Given information:
============================================================
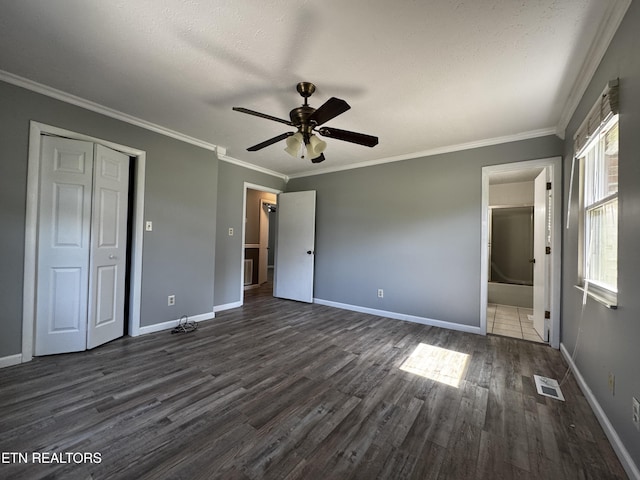 unfurnished bedroom with crown molding, visible vents, baseboards, and dark wood-style floors
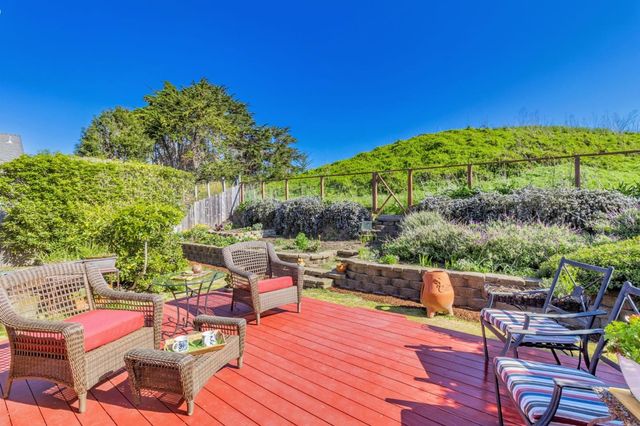a view of a mountain with a lush green forest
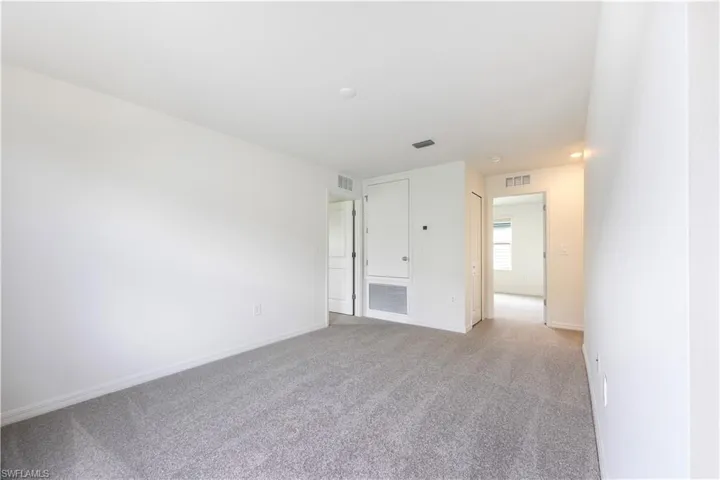 Unfurnished room featuring light carpet and baseboards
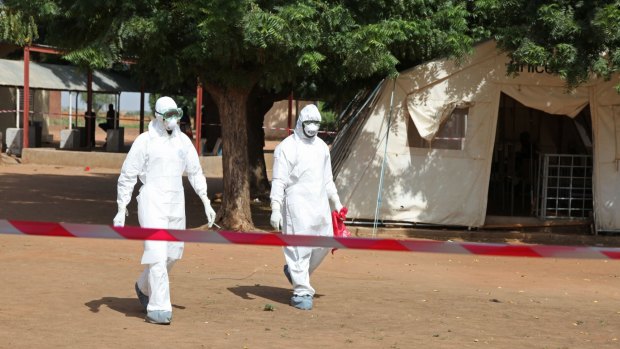 Suited up: Health workers at an Ebola treatment centre in Mali.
============================================================
Task instructions: Print each line above exactly as it appears, excluding all images.

Response area:
 unfurnished bedroom with crown molding, visible vents, baseboards, and dark wood-style floors
a view of a mountain with a lush green forest
 Unfurnished room featuring light carpet and baseboards
 Suited up: Health workers at an Ebola treatment centre in Mali.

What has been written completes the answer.